Ten years ago this spring, police chased a young man through the streets of West Baltimore, detained and searched him, and arrested him for carrying a pocketknife. They placed him face down, shackled and handcuffed, on the floor of a transport van. By the time Freddie Gray arrived at the Western District police station, he was unconscious and unbreathing, his spinal cord severely injured. He died a week later.
Protests erupted onto Baltimore’s streets, culminating in a night of violent unrest on the day of Gray’s funeral, not because the community was shocked at what happened to him but because it was all too familiar. His death was a personal tragedy for those who knew him, but it also came to symbolize broader injustices inflicted on countless Baltimoreans. And for once, it seemed, the broader community could no longer gloss over those truths or pretend it didn’t have a responsibility to address them.
Whatever lessons Baltimore learned from the reckoning surrounding Grays’ death, it took us years to get there. It is only recently that the city has adopted a more holistic public safety strategy, which is already yielding promising results.

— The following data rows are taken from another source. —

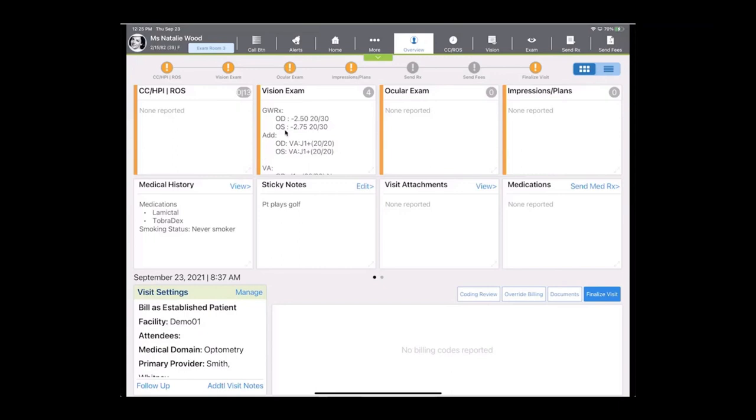The core vision exam, or most likely the pretest information plus your refraction and contact lens fit, and then the core ocular exam, all of your diagnosing procedures and plans. So once those three are completed, the impressions and plans will auto-populate for us, and billing and coding will auto-populate for us down at the bottom.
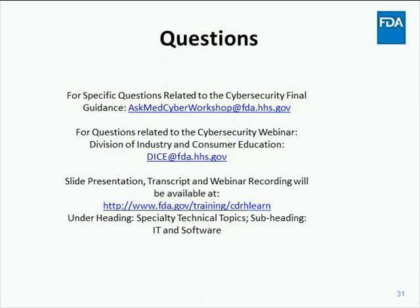Eric Decker, your line's open. You may ask a question. Hello, thank you. Thank you for this presentation, it was very helpful. My name is Eric Decker, I'm with the University of Chicago Medicine. We happen to lose your line — Eric Decker, please press star one again. In the meantime, can we go on to the next question?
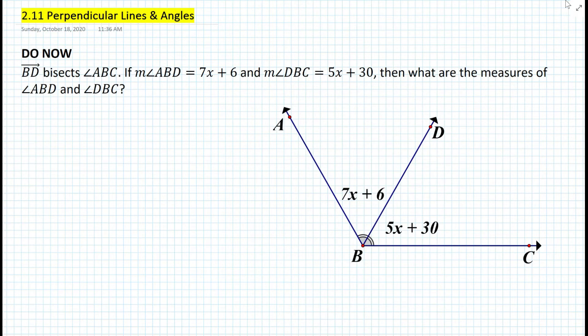Hi everyone, this is Mr. Cervone. Welcome to my math channel. In today's geometry lesson, we'll be learning about perpendicular lines and angles. Let's get started with the do now.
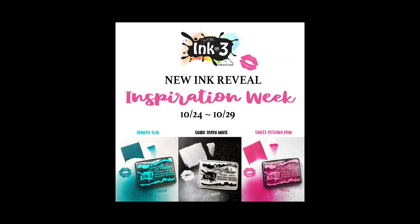And there you have it, a planner layout using the new Atelier inks. Hope you enjoyed this tutorial. Thank you. Bye.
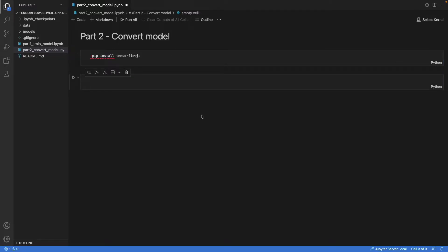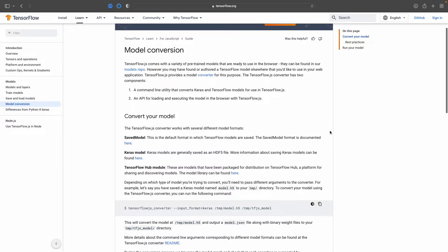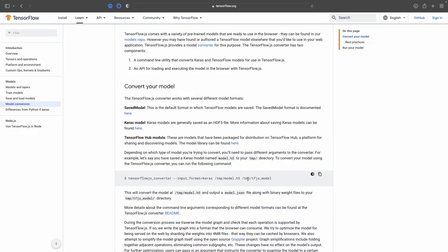To see how we convert the model, we go to the TensorFlow website. Here we are in the model conversion section, and the first thing we see is that there are different formats supported. There's a SavedModel — that's what we have — and also a Keras model. In the previous section we saved the model as a SavedModel and not with the H5 format. So we're going to use the SavedModel, and this is basically everything we need.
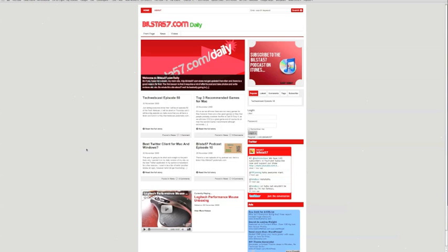Okay, so today I'm going to be making a video on a new site that I'm launching, which is Billc57.com slash daily.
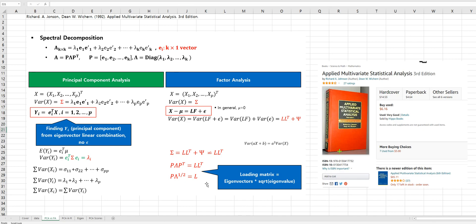So again, in summary: principal component analysis tries to find out the linear combination of eigenvectors and the data matrix. Factor analysis is more focused on decomposition of the data matrix with an error term — there is no error term in PCA.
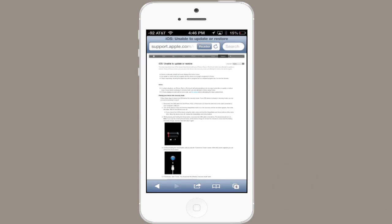There's a page on Apple's website, iOS unable to update or restore, which walks you through the steps precisely. But I'll demonstrate now to show you how it's done.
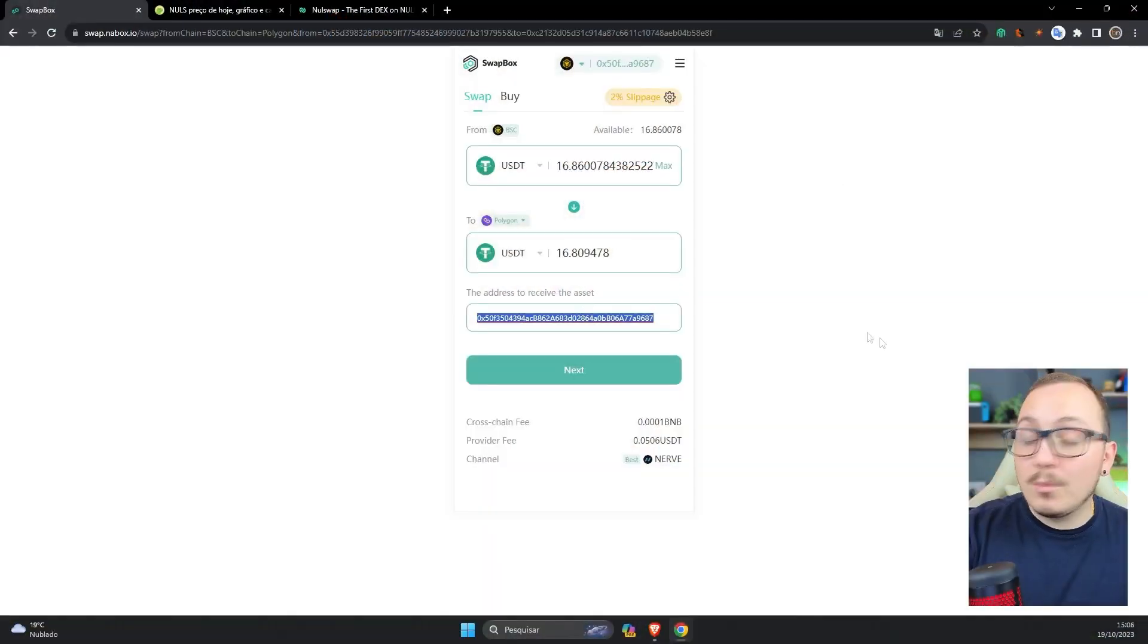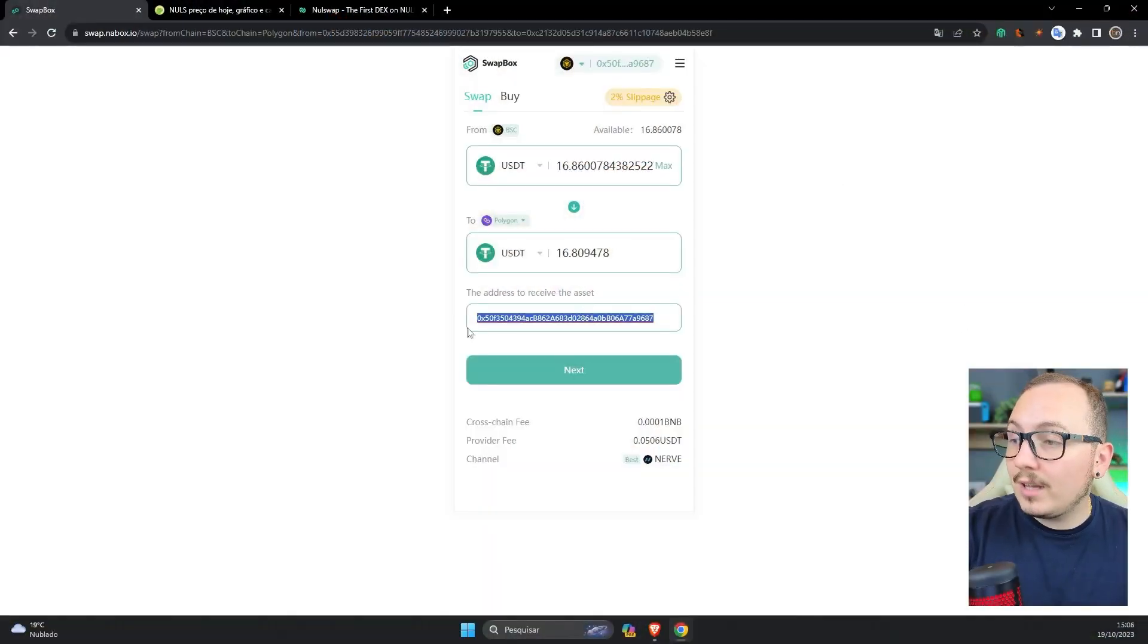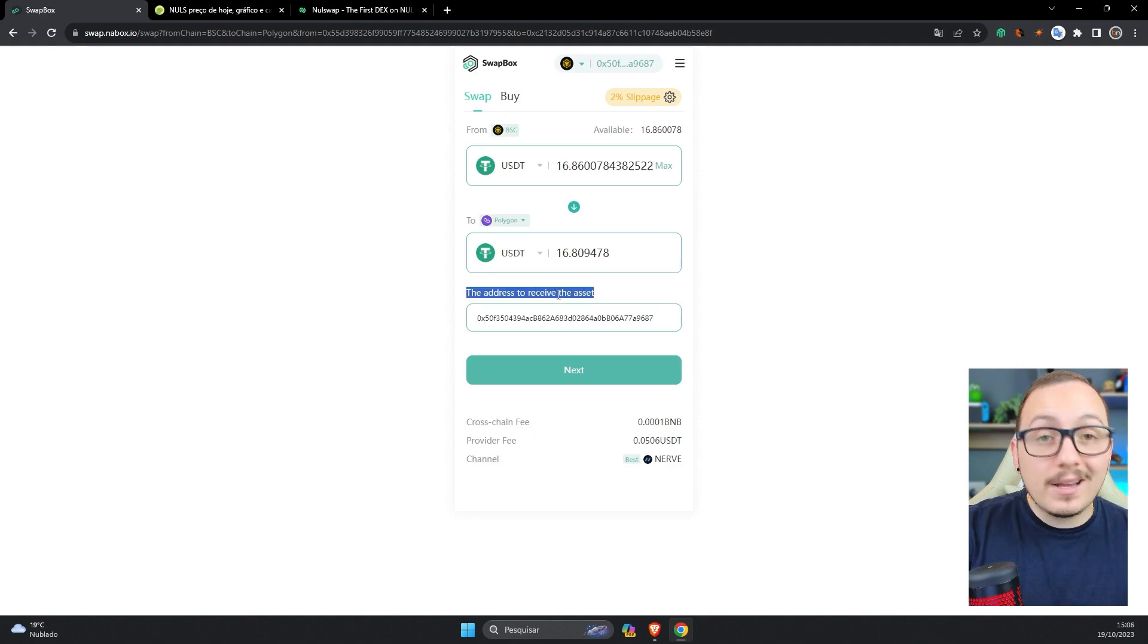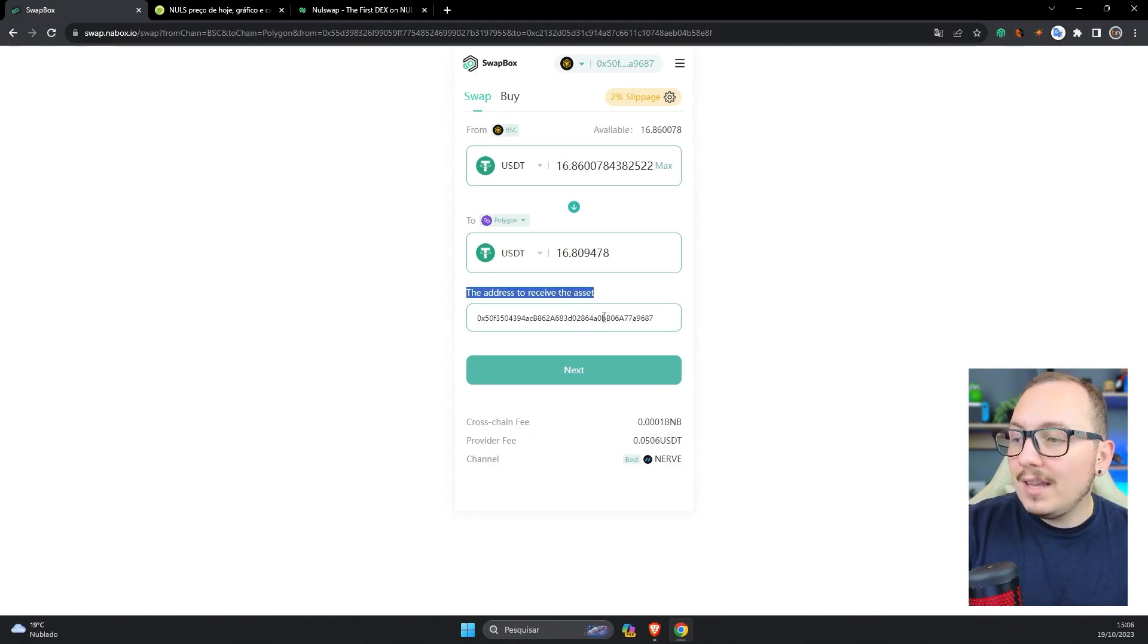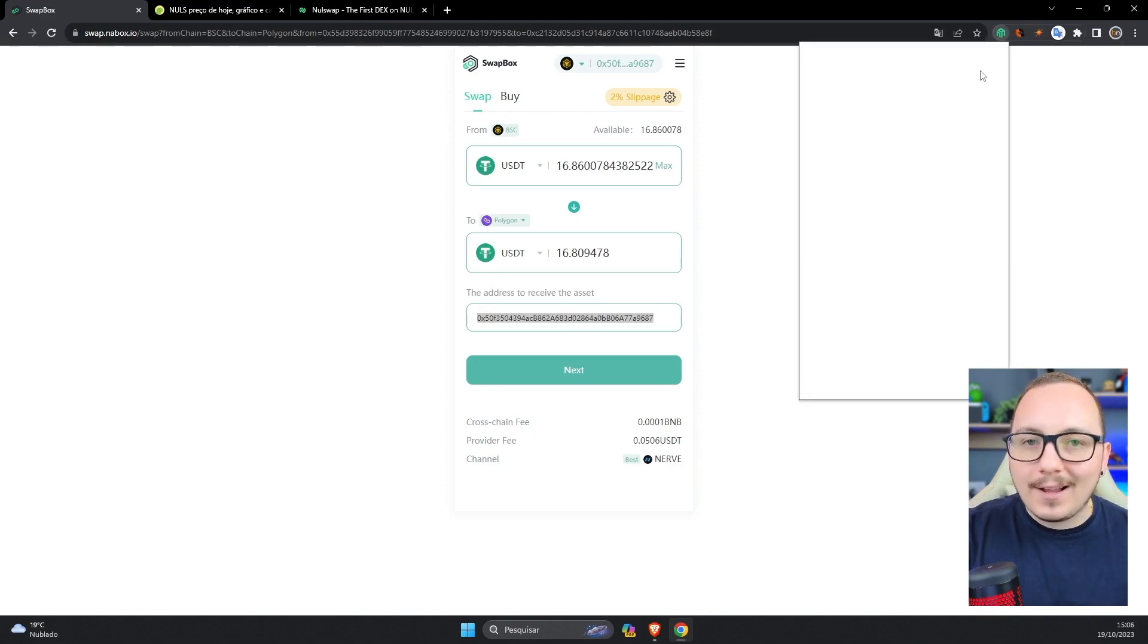Usually when you use this tool, it recognizes your wallet on another blockchain network. This happens because often when they follow the same pattern, it's basically the same address. So if you send a BNB coin for example to the Polygon blockchain, the system will automatically send it to your own wallet. The address where you will receive this asset is displayed and automatically collected from your own wallet.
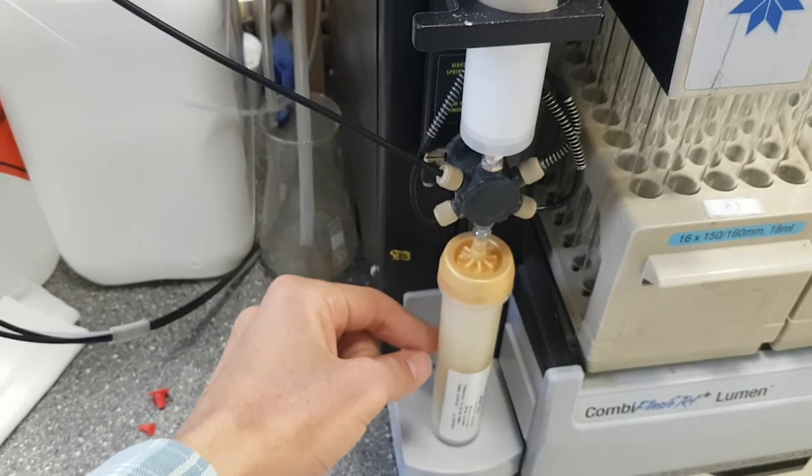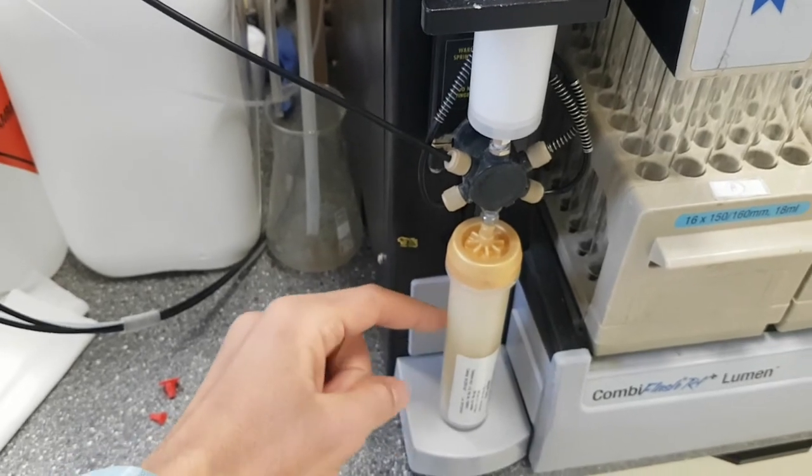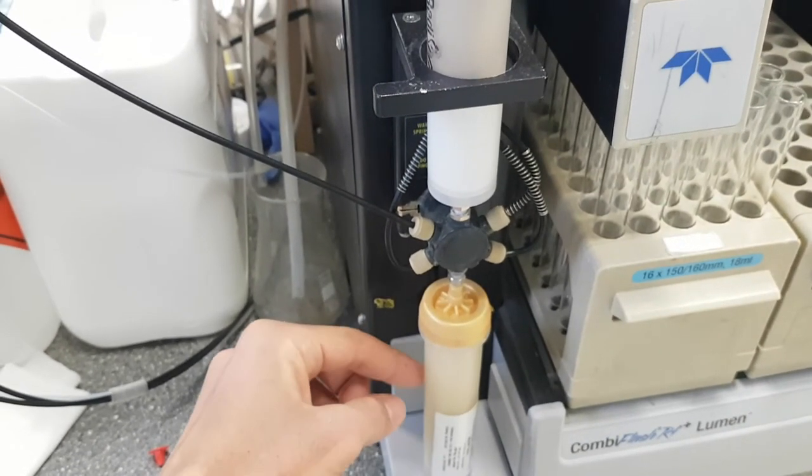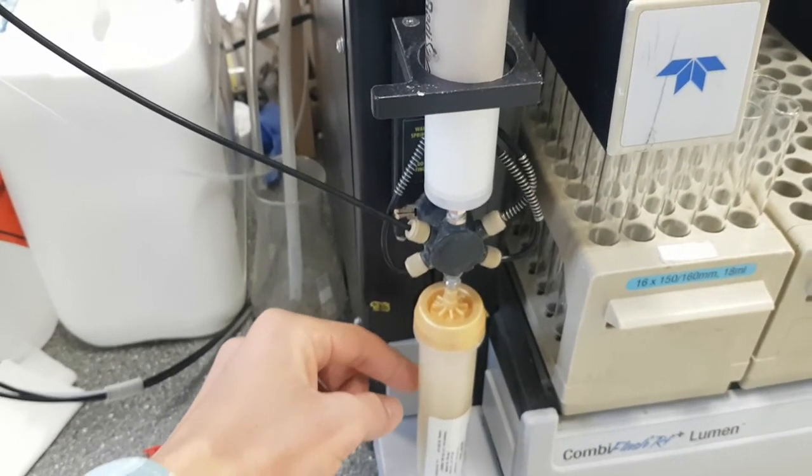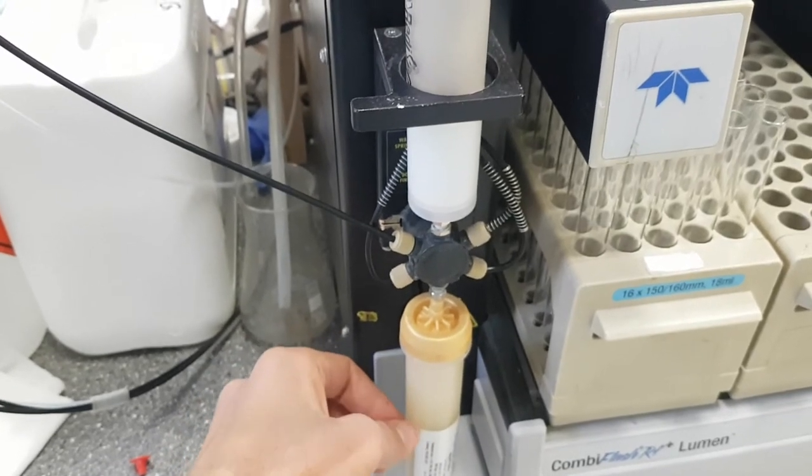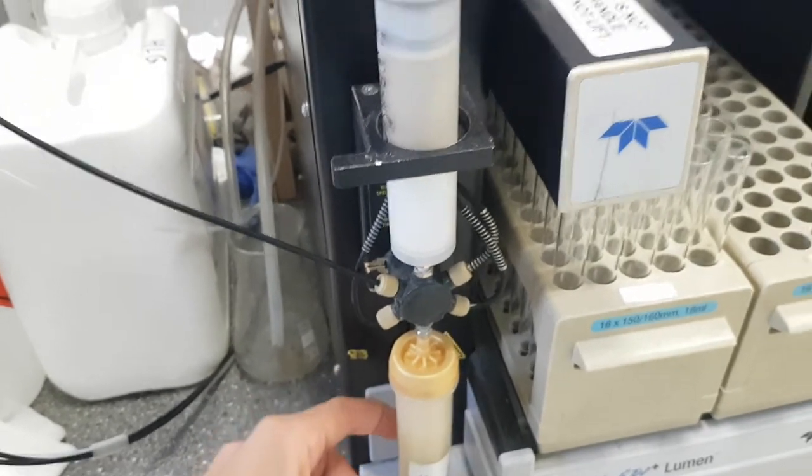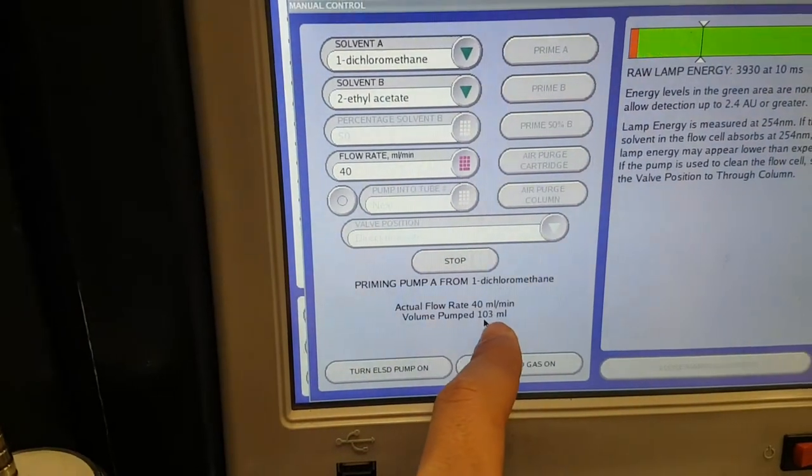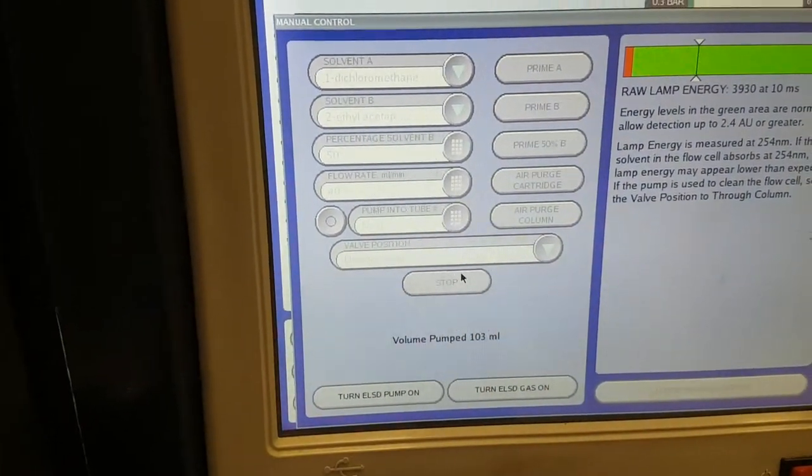When I finish, usually I wash it with ethyl acetate because if you let the methanol, the methanol can destroy the silica gel. Right here it's already finished, I'll stop it.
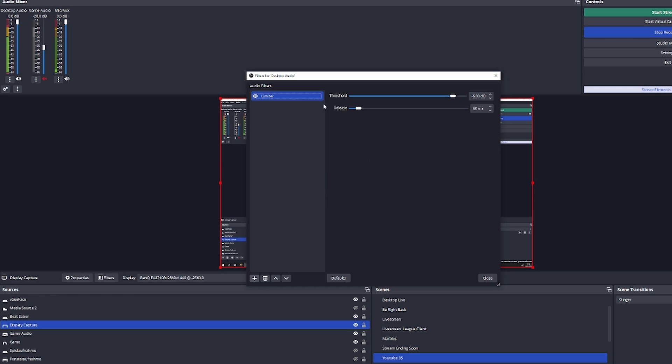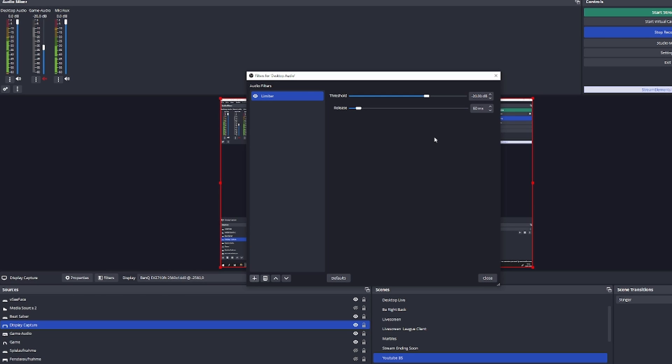press okay and then on threshold you can actually pull the audio channel down to a level you would like to have so you don't blow out the ears of your viewers.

The Abell Foundation has long focused its efforts on alleviating poverty and in recent years has more consciously framed its work in terms of addressing the effects of Baltimore’s historic segregation, disinvestment, and persistent racial discrimination. Like many, we have been prompted by the anniversary of Gray’s death to assess what has changed in the last 10 years.
Rather than using our annual report as we typically do to highlight a few organizations and projects we have supported in the previous year, we have sought to take a longer view. The essays that follow are by no means a comprehensive assessment of the work the Abell Foundation has supported during that period, much less of all the efforts Baltimoreans have undertaken to address inequality in our city. Rather, they aim to highlight promising new approaches and new resources that have been brought to bear in the last decade. There is much to tell.
Centuries of injustice have not been erased in a decade, but thousands of people in this city remain dedicated to making a difference, bit by bit and day by day, through service and advocacy. We have been privileged to support many of their efforts and stand committed to helping them foster a Baltimore where everyone has the chance to thrive.